- Official release poster
- Directed by: Searit Kahsay Huluf
- Written by: Searit Kahsay Huluf
- Produced by: Eric Rosales
- Edited by: Will Starling
- Music by: Jennifer Rowekamp
- Production company: Pixar Animation Studios
- Distributed by: Walt Disney Studios Motion Pictures
- Release date: February 2, 2024;
- Running time: 6 minutes
- Country: United States
- Language: English

= Self (film) =

2024 short film by Searit Kahsay Huluf

Self is a 2024 American animated short film written and directed by Searit Kahsay Huluf, produced by Pixar Animation Studios, and distributed by Walt Disney Studios Motion Pictures. The eleventh short film in the SparkShorts series, the short film, which combines stop motion with computer animation, was released on February 2, 2024, on Disney+.

==Premise==
A wooden doll who desperately wants to fit in makes an ill-fated wish upon a star, sparking a journey of self-discovery. Her desire to blend in with her peers leads her down a harmful path, challenging her perspective of both who she is and where she belongs.

==Development==
On December 22, 2023, it was reported that Searit Kahsay Huluf would write and direct a stop motion/computer-animated short film titled Self. In a February 2024 interview, Huluf said that the thought of how she could self sabotage had initiated the idea behind the short, mentioning that she enjoyed the word self and following her emotions. According to Huluf, she had "so many of these moments where I would set myself up for failure. When I really want something – really, really want something – is when I usually self sabotage myself the most". She stated that Self had "someone who really, truly wants to belong and be like everyone else. But she does it in the worst way possible, which is like losing yourself in the process of doing that. And, you know, by the time she realizes it, which is the same as me whenever I realise I've gone too far, it's kind of too late. And I also have to suffer the consequences of my mistakes. And this is kind of the feelings and emotions I really wanted to follow".

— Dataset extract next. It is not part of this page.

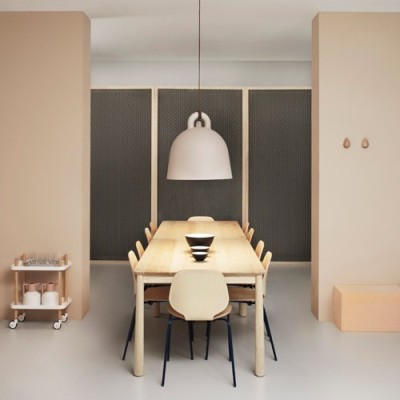 Dropit Hooks grand porte-manteau Normann Copenhagen Dropit Hooks grand porte-manteau Normann Copenhagen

Huluf wanted to tell a story about "one's relationship with themselves and how they see themselves in the world", further explaining "that was part of it and the other part was talking about the immigrant experience too. We don't have it blatantly saying she's an immigrant in the film, mainly because there's not any dialogue in it, but when you look at her design she does have African markings. She has the cross, the two elevens on the side of her eye, which means she's from the Tigray Region of Ethiopia. She has three kinds of carvings on her neck as well. I wanted to tell a story about an immigrant experience of coming to an urban city and the struggles of belonging and also directly indirectly being forced to conform."

==Music==
Jennifer Rowekamp composed the music for Self. The score was released on February 2, 2024.

==Release==
Self was released on February 2, 2024, as a Disney+ exclusive film.

===Critical response===
Lee Brown, of The Review Geek, gave the short a 7.5/10 rating, writing in a positive review "on the evidence of her work on the visually impressive Self, which manages to tell a strong message in a very short running time, we think Huluf is destined for even greater things in the future". Kaily Martinez, of The Daily Campus, gave the short a 5/5 rating, saying that "with the message of self-discovery and uncovering what it means to love yourself, the six-minute Self short is perfect for all audiences".

==Accolades==
Self was nominated at the 56th NAACP Image Awards for "Outstanding Short Form (Animated)" and at the 25th Annual Black Reel Awards for "Outstanding Short Film".